The municipal administrations have been absorbed and united with the interests of the princes. Intellectual life flows into this state structure. It was bound to happen that the school was wrested from the church and handed over to the state. The state has absorbed the church's “trailing resentment” with regard to schools. The demand for socialism and democracy must lead to the call for the liberation of intellectual life from the state.
Should the dependence of schools and education on the state be further increased? Intellectual life is now being crushed in Russia.
Every person who has come of age should be free to decide on the organization of everything that a person who has come of age has to decide on. In the spiritual life, only those who are knowledgeable and competent in this spiritual life should have a say. Only those who are active in the spiritual life, from the lowest teacher to the highest teacher at the university, should have a say. He must have sufficient time to be able to share in the administration of this life alongside his work in education. Not as it is today, when people who are not practically involved in the profession determine what has to happen.

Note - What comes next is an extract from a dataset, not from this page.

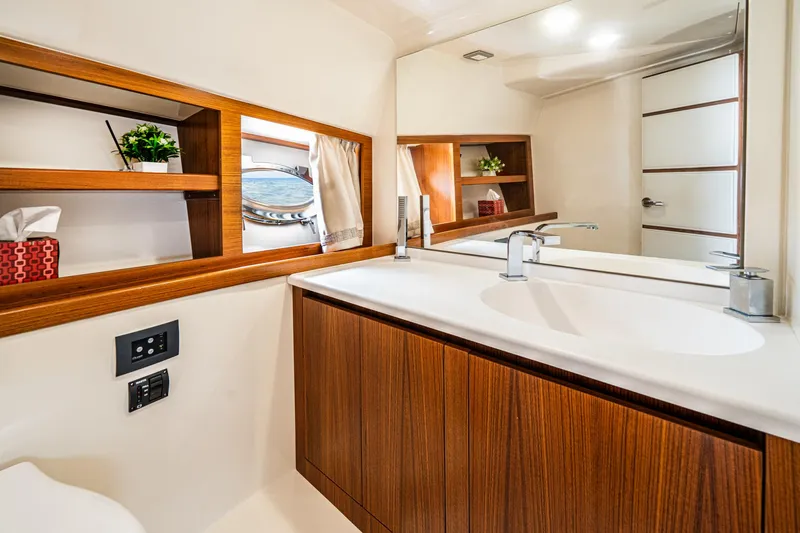Penrose Yacht Photos Pics Luxurious bathroom in 2020 Gagliotta Lobster 35 yacht with wooden cabinetry and modern fixtures.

Then we will have true democracy in the legal life and knowledgeable, efficient leadership in spiritual life.
But the decisions that are made in economic life can only come from knowledgeable and competent and capable individuals or groups of people. It is difficult to form appropriate judgments. The current economic structure of the state is a product of historical development. That is very true. Marx's friend, Engels, explained this very well in his book.